■ Dataset excerpt
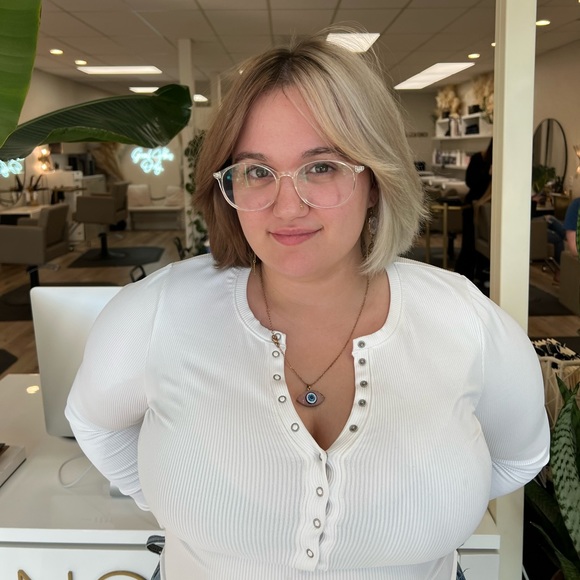 Meet your Posher, Alexis - Picture 3 of 5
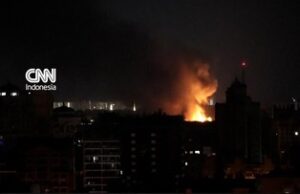 Kyiv Diguncang Serangan Rudal, Asap Tebal Menyelimuti Kota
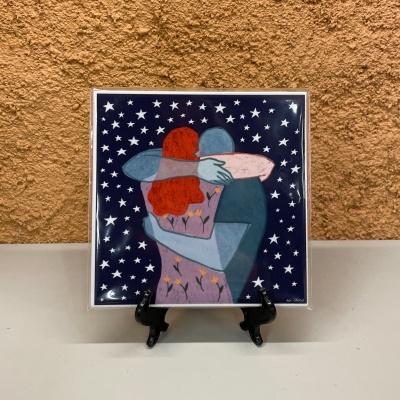 Azulejo decorativo com casal abraçado e fundo estrelado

■ Description of the task
Repeat the listing exactly, pictures excluded.

■ Expected output
 Meet your Posher, Alexis - Picture 3 of 5
 Kyiv Diguncang Serangan Rudal, Asap Tebal Menyelimuti Kota
 Azulejo decorativo com casal abraçado e fundo estrelado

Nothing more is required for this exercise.